«Чай, чай…»
Все было. Ковровые сани, юбилеи, речи — полные изящных оборотов и неумеренного восхваления, выход еще одной новой книги, ругань «передовой» критики, присуждение Пушкинской премии, причисление к лику «бессмертных» — выбор в почетные академики Российской академии наук по разряду изящной словесности.
(Спустя несколько лет, проживая в Париже, Бунин обидится на статью «законодательницы поэтических мод» Зинаиды Гиппиус, назвавшей поэзию Ивана Алексеевича «описательством». Вместе со своим спутником, знакомым журналистом, он сядет на площади Согласия в такси. Не разглядев, что шофер русский — обычно это легко определялось с первого взгляда, но теперь, видать, гнев глаза застил — Иван Алексеевич начал «костить» Гиппиус, не стесняя себя в выражениях.
Когда пришла пора выходить, шофер вдруг повернулся к Бунину:
— Простите, господин, вы, наверное, из флотских будете?
Тот ледяным тоном ответил:
— Нет, любезный, я всего лишь академик по разряду изящной словесности.
Шофер вполне оценил «шутку» — он от души смеялся:
— Действительно, «изящная словесность!»)
В последние месяцы в Москве жизнь круто переменилась. Тяжело стало с продовольствием. Участились случаи грабежей, насилий. На улицах случались перестрелки. Под одну из таких Бунин попал, возвращаясь к себе от брата. По счастью, остался невредим.
Каждый день приходили новые, пугающие слухи. То рассказывали про какого-то отчаянного «атамана матросов» Ривкина, не признававшего ничьей власти, зато грабившего и убивавшего всех подряд. То кухарка вдруг сделалась неприветливой и грубой. Она всех уверяла, что скоро «прикончат живущих в доме буржуев».
Бунина пригласили читать стихи в какое-то кафе, где царствовало «левое» искусство. Он пришел, увидел, что в клубах табачного дыма «сидят спекулянты, шулера, публичные девки и лопают пирожки по сто целковых штука, пьют ханжу из чайников». Отказался от большого гонорара, ушел, чтобы никогда не возвращаться к этой «литературной низости».

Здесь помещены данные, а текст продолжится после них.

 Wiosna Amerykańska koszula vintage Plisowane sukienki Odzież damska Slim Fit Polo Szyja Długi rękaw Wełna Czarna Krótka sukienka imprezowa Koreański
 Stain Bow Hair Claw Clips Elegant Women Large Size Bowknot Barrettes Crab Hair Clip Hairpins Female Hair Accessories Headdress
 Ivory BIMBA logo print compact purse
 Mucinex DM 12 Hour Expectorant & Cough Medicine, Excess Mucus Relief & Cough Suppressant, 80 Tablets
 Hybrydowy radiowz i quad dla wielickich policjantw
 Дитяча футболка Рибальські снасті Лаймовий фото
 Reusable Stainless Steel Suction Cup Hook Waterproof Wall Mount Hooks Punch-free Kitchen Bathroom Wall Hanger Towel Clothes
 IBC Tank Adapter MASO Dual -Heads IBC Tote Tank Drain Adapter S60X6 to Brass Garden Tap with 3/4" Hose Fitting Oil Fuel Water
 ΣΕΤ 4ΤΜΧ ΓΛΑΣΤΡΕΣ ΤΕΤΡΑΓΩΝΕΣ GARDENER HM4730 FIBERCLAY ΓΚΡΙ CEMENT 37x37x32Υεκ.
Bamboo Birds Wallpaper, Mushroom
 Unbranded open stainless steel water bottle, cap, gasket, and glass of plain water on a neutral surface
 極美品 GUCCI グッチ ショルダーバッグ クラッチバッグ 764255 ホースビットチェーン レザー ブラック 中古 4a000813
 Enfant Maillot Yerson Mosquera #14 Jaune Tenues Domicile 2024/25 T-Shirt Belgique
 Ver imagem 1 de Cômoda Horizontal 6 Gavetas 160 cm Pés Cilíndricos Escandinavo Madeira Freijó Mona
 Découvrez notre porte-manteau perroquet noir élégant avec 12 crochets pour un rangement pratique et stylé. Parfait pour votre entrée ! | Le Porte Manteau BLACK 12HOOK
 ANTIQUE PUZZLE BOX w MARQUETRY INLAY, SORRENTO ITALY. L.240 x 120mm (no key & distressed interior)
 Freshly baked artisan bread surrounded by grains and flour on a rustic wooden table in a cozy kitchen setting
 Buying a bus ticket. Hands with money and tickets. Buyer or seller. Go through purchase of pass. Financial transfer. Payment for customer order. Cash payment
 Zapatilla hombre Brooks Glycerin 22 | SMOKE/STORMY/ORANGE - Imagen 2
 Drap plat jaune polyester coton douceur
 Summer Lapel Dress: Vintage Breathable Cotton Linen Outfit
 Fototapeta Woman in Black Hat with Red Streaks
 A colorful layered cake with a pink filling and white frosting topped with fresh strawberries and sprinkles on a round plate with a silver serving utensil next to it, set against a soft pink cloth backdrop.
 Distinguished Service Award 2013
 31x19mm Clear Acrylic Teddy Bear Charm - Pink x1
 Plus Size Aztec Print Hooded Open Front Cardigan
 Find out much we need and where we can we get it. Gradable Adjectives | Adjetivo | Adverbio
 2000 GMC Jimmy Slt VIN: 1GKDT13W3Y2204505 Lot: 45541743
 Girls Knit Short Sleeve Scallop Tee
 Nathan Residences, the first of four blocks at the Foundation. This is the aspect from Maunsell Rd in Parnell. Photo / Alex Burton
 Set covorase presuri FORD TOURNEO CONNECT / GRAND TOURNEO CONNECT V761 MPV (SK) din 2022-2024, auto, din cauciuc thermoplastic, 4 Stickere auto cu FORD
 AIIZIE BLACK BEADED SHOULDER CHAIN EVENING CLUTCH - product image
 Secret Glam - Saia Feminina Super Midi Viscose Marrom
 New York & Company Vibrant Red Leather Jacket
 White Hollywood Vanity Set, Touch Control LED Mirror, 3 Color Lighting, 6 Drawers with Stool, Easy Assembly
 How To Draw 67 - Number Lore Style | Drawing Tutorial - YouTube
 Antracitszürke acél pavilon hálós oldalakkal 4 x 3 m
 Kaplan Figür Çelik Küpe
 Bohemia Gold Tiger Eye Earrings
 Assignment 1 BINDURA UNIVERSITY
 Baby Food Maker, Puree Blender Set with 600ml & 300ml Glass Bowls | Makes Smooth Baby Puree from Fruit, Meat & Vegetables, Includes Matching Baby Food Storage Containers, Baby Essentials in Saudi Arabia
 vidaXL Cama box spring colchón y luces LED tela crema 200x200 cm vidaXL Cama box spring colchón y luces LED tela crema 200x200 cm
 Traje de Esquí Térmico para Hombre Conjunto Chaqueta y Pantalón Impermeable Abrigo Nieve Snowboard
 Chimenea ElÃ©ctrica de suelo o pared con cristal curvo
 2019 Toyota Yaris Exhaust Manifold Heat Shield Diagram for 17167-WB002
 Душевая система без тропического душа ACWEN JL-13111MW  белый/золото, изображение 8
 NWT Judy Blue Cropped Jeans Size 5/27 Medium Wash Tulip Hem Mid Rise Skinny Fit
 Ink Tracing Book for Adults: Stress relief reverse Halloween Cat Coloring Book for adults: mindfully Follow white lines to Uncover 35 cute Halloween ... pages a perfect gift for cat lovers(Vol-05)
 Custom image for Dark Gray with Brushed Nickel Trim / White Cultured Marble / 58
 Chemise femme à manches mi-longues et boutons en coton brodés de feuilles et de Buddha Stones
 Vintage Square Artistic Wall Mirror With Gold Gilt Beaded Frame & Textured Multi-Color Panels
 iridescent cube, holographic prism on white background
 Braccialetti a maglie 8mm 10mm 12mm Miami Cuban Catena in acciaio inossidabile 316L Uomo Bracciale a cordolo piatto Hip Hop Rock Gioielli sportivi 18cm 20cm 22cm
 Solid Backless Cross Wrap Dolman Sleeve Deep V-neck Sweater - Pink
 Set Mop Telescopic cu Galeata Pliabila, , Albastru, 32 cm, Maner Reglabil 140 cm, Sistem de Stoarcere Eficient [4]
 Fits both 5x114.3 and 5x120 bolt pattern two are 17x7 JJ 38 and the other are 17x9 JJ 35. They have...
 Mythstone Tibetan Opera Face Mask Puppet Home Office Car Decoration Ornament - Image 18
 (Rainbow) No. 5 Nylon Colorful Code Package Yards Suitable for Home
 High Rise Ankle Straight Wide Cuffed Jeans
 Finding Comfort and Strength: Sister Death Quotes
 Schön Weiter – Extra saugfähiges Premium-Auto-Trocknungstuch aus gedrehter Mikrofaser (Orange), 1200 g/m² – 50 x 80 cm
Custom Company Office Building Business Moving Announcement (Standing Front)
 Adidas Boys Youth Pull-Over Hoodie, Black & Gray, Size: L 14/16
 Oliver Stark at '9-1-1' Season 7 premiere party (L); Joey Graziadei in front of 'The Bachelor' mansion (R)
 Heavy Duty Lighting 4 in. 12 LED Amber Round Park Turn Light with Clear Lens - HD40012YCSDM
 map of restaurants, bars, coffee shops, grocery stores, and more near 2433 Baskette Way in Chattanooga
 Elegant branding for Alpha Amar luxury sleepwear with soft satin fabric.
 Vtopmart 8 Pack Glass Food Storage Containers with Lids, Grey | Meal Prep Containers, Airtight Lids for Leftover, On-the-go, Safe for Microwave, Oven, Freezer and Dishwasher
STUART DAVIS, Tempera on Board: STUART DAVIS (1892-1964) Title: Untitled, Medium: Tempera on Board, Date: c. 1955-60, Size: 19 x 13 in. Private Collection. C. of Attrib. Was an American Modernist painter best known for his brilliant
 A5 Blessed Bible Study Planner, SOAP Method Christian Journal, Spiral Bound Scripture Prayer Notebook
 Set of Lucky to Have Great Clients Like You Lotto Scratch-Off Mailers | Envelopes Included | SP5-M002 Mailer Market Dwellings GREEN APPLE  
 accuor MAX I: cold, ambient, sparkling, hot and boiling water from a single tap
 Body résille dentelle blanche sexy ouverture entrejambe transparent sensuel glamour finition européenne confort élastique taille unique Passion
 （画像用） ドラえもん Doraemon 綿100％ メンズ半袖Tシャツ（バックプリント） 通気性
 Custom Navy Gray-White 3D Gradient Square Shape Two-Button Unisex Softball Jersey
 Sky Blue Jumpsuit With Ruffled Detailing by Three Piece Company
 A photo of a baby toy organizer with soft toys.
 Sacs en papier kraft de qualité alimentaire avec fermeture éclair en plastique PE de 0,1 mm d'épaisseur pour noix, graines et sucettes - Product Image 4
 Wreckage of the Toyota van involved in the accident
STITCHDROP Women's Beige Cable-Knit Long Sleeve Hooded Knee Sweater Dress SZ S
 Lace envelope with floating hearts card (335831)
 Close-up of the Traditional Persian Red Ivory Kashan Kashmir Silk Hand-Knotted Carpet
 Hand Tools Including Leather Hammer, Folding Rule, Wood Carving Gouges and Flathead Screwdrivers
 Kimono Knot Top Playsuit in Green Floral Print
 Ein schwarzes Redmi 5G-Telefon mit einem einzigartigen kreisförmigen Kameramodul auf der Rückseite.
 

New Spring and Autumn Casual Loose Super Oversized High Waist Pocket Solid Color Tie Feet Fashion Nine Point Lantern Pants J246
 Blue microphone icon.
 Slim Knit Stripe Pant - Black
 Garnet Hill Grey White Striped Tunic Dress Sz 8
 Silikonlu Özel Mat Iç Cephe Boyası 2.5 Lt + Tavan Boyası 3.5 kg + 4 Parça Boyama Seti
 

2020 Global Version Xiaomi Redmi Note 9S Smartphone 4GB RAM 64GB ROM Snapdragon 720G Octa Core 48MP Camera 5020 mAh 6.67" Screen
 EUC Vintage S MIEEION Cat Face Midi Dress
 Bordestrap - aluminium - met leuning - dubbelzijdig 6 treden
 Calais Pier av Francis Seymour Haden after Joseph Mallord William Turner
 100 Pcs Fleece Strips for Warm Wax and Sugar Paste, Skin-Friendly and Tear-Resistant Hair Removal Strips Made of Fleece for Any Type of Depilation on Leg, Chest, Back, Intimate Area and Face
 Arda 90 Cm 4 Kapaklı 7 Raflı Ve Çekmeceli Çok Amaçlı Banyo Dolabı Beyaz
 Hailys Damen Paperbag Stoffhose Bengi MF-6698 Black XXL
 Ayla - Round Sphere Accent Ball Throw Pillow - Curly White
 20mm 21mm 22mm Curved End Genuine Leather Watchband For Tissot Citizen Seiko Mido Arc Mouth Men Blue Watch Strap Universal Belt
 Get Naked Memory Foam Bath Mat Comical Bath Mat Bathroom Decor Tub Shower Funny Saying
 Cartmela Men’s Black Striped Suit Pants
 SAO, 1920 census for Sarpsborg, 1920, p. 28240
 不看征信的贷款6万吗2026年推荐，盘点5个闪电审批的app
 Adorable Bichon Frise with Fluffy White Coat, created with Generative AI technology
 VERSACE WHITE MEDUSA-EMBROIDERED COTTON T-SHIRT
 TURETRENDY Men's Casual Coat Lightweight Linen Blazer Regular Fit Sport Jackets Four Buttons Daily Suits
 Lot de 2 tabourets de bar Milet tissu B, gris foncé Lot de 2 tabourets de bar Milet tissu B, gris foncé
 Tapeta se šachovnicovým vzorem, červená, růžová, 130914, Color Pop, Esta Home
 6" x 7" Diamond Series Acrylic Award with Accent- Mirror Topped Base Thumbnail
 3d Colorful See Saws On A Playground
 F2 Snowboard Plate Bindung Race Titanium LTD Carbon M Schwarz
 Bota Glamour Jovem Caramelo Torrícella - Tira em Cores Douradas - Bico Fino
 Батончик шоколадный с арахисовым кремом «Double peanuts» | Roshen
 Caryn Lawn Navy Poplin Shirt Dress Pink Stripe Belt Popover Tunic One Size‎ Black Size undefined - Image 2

В мартовские дни восемнадцатого года он записал в дневник: «Вон из Москвы!» А жалко. Днем она теперь удивительно мерзка. Погода мокрая, все мокро, грязно, на тротуарах и на мостовой ямы, ухабистый лед, про толпу же и говорить нечего. А вечером, ночью пусто, небо от редких фонарей чернеет тускло, угрюмо. Но вот тихий переулок, совсем темный, идешь — и вдруг видишь открытые ворота, за ними, в глубине двора, прекрасный силуэт старинного дома, мягко темнеющий на ночном небе, которое тут совсем другое, чем над улицей, а перед домом столетнее дерево, черный узор его громадного раскидистого шатра».
И опять самые невероятные слухи баламутят народ, и напуганные люди готовы всему верить. Вот и теперь ползет зловещий слух: на город прет германец, вот-вот Москву захватит.
«В городе говорят:
— Они решили перерезать всех поголовно, всех до семилетнего возраста, чтобы потом ни одна душа не помнила нашего времени.
Спрашиваю дворника:
— Как думаешь, правда? Вздыхает:
— Все может быть, все может быть.
— И ужели народ допустит?
— Допустит, дорогой барин, еще как допустит-то! Да и что ж с ними сделаешь? Татары, говорят, двести лет нами владали, а ведь тогда разве такой жидкий народ был?»
…Поезд тронулся лишь в час ночи. За окном моросил теплый дождь, туман скрывал даль. Розово и слабо светились окна станционных построек.
Москву он больше не увидал. Он попирал былое, но испытывал вовсе не отраду, а боль и горечь. Предчувствие беды не обмануло.
ГЛАВА II
27 мая по старому (или 9 июня по новому) стилю Бунины после некоторых дорожных хлопот и неудобств, вполне характерных для тех лет, прибыли в Минск. Иван Алексеевич пометил в дневнике: «Серо, скучно. Узнали, что (наш) поезд пойдет на Барановичи. Из поезда пришлось непосильно тащить вещи на другой, Александровский, вокзал — больше версты. Помогли 2 больных солдата».
Впрочем, с вокзалами произошла путаница. Комендант станции объявил, что ехать надо на Виленский вокзал. Но, чтобы выехать из Минска, нужно иметь на это разрешение. Разрешение помогла взять незнакомая сестра милосердия: она была одета в кожаную куртку, на лице серебристо поблескивало пенсне. Оказалось, что Бунин — ее любимый поэт. Услыхав об этом, Иван Алексеевич, начавший падать духом, сразу приосанился.